Compiled by the human rights charity Walk Free, the report defines modern slavery as encompassing “forced labour, forced or servile marriage, debt bondage, forced commercial sexual exploitation, human trafficking, slavery-like practices, and the sale and exploitation of children.”
Slavery’s core principle entails “the systematic removal of a person’s freedom” – from the right to accept or refuse labour to the liberty to determine if, when and whom to marry.
By this benchmark, reclusive and authoritarian North Korea has the highest prevalence of modern slavery (104.6 per 1,000 population), according to the report.
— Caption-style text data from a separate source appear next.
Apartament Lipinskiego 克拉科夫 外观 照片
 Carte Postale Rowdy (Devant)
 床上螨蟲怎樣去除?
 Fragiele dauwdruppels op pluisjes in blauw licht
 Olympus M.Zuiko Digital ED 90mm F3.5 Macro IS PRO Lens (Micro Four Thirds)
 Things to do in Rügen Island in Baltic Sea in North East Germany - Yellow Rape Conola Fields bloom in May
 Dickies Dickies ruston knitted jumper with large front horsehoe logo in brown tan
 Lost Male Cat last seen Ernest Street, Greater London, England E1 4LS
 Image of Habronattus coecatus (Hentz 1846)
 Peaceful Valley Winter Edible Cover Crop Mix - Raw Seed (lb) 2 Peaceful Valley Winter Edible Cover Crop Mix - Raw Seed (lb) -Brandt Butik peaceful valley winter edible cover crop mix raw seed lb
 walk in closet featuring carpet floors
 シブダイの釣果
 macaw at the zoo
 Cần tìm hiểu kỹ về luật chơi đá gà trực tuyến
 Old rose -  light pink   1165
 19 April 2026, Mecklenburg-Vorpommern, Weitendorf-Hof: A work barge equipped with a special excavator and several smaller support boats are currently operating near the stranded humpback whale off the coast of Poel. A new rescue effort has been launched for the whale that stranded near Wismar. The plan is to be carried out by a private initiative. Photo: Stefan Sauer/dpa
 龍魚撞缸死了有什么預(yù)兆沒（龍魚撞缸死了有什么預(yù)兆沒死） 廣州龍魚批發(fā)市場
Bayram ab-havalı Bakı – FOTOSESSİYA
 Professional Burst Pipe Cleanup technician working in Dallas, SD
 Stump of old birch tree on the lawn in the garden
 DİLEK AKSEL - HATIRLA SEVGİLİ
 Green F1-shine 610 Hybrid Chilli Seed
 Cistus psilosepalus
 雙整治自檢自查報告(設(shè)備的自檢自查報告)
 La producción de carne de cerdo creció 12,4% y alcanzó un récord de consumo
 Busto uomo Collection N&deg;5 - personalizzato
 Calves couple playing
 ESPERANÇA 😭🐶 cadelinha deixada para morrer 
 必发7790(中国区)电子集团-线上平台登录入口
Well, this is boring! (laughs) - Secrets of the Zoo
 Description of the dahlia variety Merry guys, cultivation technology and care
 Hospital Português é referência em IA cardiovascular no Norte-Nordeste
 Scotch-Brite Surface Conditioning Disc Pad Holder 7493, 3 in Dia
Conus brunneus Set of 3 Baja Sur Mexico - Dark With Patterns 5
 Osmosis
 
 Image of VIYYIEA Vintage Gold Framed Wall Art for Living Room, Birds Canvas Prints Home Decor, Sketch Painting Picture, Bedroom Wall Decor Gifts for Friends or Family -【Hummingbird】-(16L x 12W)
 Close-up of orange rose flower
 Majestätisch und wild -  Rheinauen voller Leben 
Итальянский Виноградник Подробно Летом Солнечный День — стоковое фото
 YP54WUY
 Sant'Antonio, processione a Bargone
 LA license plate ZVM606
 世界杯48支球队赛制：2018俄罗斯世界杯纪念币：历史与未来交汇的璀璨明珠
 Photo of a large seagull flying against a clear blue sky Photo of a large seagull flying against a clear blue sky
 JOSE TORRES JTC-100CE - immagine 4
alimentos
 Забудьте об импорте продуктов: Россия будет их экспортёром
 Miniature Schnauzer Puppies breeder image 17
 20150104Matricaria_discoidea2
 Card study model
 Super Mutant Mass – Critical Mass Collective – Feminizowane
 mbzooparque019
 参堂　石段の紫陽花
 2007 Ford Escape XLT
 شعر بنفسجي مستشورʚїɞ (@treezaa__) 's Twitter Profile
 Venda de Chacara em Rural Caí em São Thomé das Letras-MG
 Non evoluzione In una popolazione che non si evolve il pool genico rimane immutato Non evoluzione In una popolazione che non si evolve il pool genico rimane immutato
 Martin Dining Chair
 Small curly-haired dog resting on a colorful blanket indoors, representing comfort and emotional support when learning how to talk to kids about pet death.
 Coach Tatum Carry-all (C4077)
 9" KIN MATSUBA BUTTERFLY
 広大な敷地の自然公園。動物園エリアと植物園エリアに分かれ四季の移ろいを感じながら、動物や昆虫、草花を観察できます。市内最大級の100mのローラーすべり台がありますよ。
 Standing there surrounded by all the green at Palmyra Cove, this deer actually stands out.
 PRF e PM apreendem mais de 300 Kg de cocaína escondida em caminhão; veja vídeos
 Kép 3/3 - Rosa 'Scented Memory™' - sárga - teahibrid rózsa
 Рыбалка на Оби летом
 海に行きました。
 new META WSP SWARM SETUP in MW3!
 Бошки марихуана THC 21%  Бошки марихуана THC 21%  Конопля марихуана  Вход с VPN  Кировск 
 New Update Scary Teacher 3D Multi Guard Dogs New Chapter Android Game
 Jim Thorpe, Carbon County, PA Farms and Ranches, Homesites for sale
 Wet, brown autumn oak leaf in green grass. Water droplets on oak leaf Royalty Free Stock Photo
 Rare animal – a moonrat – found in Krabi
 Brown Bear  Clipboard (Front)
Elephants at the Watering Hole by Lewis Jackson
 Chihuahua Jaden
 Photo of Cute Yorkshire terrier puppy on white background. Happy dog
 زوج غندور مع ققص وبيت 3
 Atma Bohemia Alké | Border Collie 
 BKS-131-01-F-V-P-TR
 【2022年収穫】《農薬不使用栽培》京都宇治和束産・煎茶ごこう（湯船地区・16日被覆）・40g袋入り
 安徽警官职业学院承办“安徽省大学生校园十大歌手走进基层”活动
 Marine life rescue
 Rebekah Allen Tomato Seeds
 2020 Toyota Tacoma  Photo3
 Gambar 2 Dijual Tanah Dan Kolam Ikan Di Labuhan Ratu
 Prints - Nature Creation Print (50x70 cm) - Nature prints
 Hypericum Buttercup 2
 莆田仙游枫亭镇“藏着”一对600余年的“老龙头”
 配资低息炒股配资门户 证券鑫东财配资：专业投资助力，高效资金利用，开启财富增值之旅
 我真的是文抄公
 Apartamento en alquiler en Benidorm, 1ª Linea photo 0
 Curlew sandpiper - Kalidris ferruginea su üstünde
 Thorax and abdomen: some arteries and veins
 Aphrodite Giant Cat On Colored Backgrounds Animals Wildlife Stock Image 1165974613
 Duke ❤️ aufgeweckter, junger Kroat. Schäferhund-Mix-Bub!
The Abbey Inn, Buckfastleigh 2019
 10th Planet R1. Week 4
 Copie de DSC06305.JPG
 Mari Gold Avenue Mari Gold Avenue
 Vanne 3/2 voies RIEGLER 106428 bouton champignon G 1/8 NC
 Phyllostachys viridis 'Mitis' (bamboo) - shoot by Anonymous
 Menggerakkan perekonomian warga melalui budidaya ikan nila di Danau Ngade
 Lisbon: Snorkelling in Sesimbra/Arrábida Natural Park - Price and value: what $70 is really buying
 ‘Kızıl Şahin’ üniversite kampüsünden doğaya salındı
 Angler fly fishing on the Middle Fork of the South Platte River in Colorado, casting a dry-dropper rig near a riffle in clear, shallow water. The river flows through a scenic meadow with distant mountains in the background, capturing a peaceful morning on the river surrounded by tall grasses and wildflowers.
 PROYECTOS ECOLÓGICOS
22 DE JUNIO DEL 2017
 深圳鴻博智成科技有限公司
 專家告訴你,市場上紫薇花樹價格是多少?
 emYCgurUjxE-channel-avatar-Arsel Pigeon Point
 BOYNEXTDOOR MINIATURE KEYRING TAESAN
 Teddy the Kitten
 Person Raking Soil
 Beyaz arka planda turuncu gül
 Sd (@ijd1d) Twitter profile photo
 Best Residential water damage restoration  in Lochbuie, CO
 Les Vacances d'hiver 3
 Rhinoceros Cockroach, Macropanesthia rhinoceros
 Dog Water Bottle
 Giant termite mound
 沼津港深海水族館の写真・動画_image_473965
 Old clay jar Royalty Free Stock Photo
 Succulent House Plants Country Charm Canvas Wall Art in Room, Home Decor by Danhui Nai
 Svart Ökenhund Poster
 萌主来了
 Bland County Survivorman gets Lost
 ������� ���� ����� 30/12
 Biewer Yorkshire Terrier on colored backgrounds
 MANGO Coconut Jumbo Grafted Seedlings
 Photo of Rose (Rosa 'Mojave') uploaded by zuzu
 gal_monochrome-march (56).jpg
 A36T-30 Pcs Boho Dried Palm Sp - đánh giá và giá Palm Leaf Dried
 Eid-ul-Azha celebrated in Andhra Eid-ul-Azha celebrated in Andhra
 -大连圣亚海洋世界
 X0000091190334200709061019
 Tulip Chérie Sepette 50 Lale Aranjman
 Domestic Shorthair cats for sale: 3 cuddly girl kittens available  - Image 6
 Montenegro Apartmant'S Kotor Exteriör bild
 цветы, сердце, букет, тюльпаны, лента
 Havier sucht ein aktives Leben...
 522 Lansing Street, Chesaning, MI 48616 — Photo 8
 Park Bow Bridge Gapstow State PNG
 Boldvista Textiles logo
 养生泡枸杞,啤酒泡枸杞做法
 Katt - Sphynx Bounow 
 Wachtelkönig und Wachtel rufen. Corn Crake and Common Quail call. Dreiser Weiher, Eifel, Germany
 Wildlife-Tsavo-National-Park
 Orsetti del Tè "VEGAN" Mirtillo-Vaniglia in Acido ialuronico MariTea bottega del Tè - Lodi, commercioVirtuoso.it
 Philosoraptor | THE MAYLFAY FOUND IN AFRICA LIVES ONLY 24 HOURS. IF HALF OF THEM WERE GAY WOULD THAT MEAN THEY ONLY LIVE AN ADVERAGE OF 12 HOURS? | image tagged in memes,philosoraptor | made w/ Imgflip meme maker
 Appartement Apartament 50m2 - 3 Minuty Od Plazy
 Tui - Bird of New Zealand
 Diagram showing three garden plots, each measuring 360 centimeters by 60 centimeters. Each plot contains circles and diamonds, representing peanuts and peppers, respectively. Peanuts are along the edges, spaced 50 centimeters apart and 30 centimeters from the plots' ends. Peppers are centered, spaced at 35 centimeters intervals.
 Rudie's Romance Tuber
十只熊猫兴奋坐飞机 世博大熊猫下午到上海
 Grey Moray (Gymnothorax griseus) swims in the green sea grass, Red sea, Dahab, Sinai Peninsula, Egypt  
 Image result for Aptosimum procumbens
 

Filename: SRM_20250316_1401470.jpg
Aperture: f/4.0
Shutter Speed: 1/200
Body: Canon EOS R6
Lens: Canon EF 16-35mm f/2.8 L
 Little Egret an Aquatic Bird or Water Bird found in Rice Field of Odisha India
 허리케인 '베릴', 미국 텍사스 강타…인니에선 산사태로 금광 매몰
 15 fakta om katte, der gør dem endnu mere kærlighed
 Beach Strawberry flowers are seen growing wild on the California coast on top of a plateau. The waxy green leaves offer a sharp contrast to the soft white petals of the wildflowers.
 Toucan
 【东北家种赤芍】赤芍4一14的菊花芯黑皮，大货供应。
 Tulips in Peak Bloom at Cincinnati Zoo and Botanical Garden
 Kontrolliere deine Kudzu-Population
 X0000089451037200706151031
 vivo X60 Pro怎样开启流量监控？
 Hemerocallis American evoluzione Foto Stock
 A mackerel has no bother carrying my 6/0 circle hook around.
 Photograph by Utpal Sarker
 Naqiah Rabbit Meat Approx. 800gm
It is followed by Eritrea (90.3) and Mauritania (32), which in 1981 became the last country in the world to make hereditary slavery illegal.
The 10 countries with the highest prevalence of modern slavery have some common characteristics, including “limited protections for civil liberties and human rights”.
Many of the countries are in “volatile” regions experiencing conflict or political instability, or home to a large populaton of “vulnerable people” such as refugees or migrant workers.
- ‘Mirror held to power’ -
Also in the top 10 globally were Saudi Arabia, the United Arab Emirates and Kuwait, where migrant workers’ labour rights are restricted by the “kafala” sponsorship system.
Other countries in the top 10 are Turkey, “which hosts million of refugees from Syria”, Tajikistan, Russia and Afghanistan.
While forced labour is more common in low-income countries it is “deeply” connected to demand from higher-income countries, the report said, noting that two-thirds of all forced labour cases are linked to global supply chains.
The report said G20 countries – made up of the EU and the world’s 19 top economies – are currently importing $468 billion worth of goods that are at risk of being produced with forced labour, up from $354 billion in the previous report.
Electronics remain the highest value at-risk product, followed by garments, palm oil and solar panels, in a sign of high demand for renewable energy products.
“Modern slavery permeates every aspect of our society. It is woven through our clothes, lights up our electronics, and seasons our food,” the group’s founding director Grace Forrest said.
“At its core, modern slavery is a manifestation of extreme inequality. It is a mirror held to power, reflecting who in any given society has it and who does not,” she added.